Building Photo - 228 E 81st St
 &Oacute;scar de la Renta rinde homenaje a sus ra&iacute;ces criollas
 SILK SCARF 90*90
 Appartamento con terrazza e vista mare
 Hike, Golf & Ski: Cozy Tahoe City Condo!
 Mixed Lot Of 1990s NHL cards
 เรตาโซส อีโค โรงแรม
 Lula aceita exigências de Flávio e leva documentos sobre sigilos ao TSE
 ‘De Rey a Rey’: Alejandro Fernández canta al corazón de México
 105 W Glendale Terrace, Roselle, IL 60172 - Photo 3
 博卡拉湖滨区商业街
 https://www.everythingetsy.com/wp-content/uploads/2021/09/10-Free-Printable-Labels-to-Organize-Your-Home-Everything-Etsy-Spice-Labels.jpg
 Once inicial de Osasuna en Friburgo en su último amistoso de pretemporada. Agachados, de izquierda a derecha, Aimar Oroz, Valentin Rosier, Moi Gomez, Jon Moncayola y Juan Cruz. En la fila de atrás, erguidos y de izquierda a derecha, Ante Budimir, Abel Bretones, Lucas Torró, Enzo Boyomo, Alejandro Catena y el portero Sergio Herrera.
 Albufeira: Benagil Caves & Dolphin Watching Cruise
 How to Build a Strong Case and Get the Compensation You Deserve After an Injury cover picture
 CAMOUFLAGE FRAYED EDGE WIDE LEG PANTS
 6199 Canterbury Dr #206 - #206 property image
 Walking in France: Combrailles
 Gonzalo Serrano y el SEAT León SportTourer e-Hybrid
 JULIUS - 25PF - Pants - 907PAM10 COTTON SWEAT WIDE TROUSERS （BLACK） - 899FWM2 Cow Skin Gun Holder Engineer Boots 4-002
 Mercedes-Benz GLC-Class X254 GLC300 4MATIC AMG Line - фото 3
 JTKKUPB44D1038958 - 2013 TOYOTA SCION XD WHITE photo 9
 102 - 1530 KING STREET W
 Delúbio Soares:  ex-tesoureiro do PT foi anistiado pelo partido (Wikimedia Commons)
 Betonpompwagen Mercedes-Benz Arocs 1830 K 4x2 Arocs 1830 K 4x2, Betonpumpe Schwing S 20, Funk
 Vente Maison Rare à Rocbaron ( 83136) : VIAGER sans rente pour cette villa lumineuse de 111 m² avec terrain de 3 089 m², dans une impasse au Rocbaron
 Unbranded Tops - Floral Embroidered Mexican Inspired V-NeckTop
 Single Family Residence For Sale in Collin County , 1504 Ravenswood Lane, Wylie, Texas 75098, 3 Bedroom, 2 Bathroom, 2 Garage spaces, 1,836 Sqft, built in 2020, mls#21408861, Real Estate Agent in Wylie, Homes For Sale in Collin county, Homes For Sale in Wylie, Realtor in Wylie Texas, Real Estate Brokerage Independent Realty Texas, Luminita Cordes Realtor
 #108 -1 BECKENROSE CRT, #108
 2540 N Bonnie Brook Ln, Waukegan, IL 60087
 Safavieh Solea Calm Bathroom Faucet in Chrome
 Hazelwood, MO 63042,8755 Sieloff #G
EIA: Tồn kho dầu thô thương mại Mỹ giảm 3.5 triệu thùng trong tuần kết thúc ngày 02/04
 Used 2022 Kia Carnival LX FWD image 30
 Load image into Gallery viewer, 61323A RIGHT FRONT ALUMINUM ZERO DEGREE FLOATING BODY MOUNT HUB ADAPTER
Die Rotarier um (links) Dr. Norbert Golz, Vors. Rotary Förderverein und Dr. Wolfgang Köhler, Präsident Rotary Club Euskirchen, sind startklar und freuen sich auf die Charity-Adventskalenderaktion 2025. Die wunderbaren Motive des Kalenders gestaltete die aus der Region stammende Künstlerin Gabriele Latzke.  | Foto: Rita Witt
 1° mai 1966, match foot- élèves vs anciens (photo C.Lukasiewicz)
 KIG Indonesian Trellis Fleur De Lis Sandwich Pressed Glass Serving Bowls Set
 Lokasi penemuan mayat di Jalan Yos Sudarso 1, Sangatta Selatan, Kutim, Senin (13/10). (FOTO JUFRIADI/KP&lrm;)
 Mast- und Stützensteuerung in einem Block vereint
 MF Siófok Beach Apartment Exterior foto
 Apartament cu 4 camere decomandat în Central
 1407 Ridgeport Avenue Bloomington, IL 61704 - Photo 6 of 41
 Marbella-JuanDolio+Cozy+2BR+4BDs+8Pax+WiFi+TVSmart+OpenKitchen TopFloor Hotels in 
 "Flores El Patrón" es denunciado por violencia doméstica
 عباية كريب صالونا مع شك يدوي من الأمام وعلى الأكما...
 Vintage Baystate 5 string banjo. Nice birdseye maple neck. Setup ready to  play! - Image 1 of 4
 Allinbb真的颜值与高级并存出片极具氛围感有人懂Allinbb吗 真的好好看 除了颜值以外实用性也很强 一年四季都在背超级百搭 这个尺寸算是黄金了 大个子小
◆ ◆ ◆ ◆
▶ TRY IT:
Precisely the lines between those holding "Mast- und Stützensteuerung" and "Vintage Baystate 5", inclusive, are to be reproduced from the listing above, with nothing added.

▶ RESULT:
 Mast- und Stützensteuerung in einem Block vereint
 MF Siófok Beach Apartment Exterior foto
 Apartament cu 4 camere decomandat în Central
 1407 Ridgeport Avenue Bloomington, IL 61704 - Photo 6 of 41
 Marbella-JuanDolio+Cozy+2BR+4BDs+8Pax+WiFi+TVSmart+OpenKitchen TopFloor Hotels in 
 "Flores El Patrón" es denunciado por violencia doméstica
 عباية كريب صالونا مع شك يدوي من الأمام وعلى الأكما...
 Vintage Baystate 5 string banjo. Nice birdseye maple neck. Setup ready to  play! - Image 1 of 4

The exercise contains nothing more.